According to the school's student magazine, University Press, Tracy believes the university is feeling pressure from its donors.
Tracy, who has remained defiant under media scrutiny over his comments, still clings to his right to free speech as a reason why FAU would be a bad school if it were to fire him.
"They're getting people calling them saying that this person shouldn't be teaching, he's an awful person, and what have you," Tracy told University Press.
"I don't know what there's going to be. I don't know if that would involve stripping me of my tenure and dismissing me or what. That's something that's ultimately for them to decide."
Tracy received national attention when he wrote a series of posts on his blog suggesting there might be more to the Sandy Hook massacre that the mainstream media was reporting.
"While it sounds like an outrageous claim," one of his posts says, "one is left to inquire whether the Sandy Hook shootings ever took place -- at least in the way law enforcement authorities and the nation's news media have described."
Many of his students have come to his defense, citing Tracy as a professor who helped open their eyes and minds.

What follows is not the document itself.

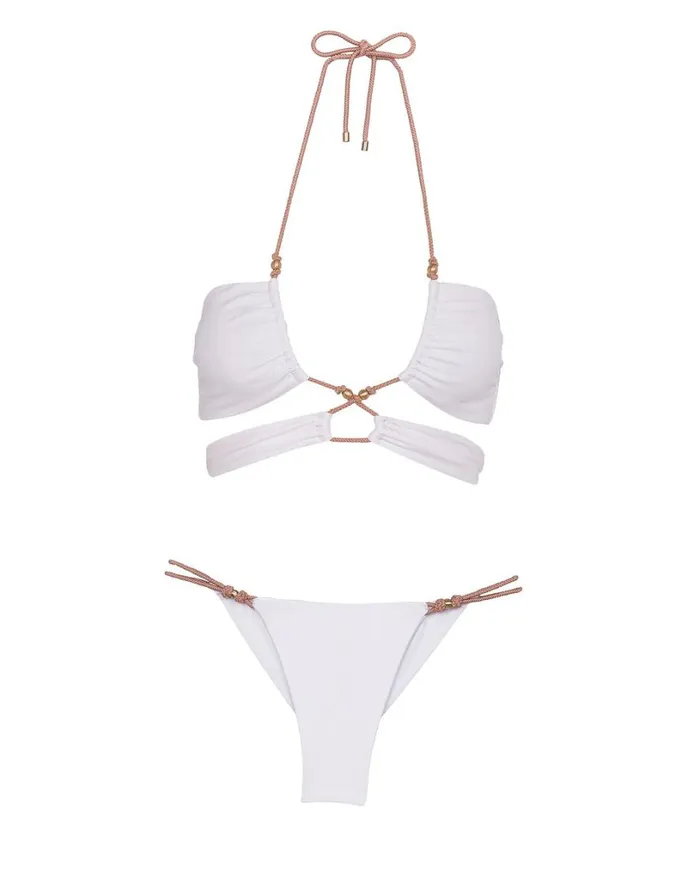 Bottoms Women ViX Paula Hermanny Gi Detail Bottom 8211 White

They also refer to him as something of a free-thinker, someone unafraid to ask questions and probe for the truth (something we took the liberty in blowing up).
For their part, FAU has not commented on the investigation, only telling University Press that it's a "personnel matter."
Now Tracy is not sure of his job status at the university.
"If they intend to fire me, ultimately, how good of an institution is it?" he says. "If they're not going to stand up for free speech and ideas and things of the like, then I'm not too sure I want to be here either."